Ce roman-baume explore la vie familiale par les yeux d'un homme. Une succession d'instantanés de la vie quotidienne où l'individualisme fait place à la famille et à l'engagement. C'est un remède contre la désillusion des trentenaires, un discours renouvelé sur l'engagement et la paternité. Il prône le bonheur dans le mariage, la famille et la stabilité. Une manière touchante d'illustrer le rôle du père.

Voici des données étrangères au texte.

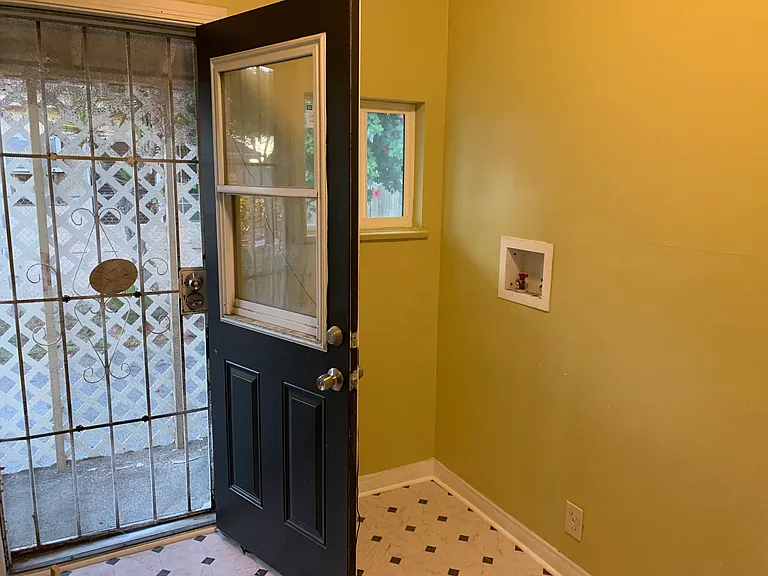 Dedicated laundry room next to kitchen with washer/dryer hookups and side entry to house makes bringing in groceries a breeze.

Ces tranches de vie mêlent les scènes de la vie ordinaire, des moments accablants, touchants, inquiétants alternant avec les souvenirs d'enfance du narrateur. Enfance où il vécu l'éclatement de sa famille, pris entre 2 parents incompatibles. Il est de cette génération, issue de la famille décomposée, qui a dû apprendre comment devenir parents dans les livres et qui se promet de ne pas suivre l'exemple lamentable de sa propre famille.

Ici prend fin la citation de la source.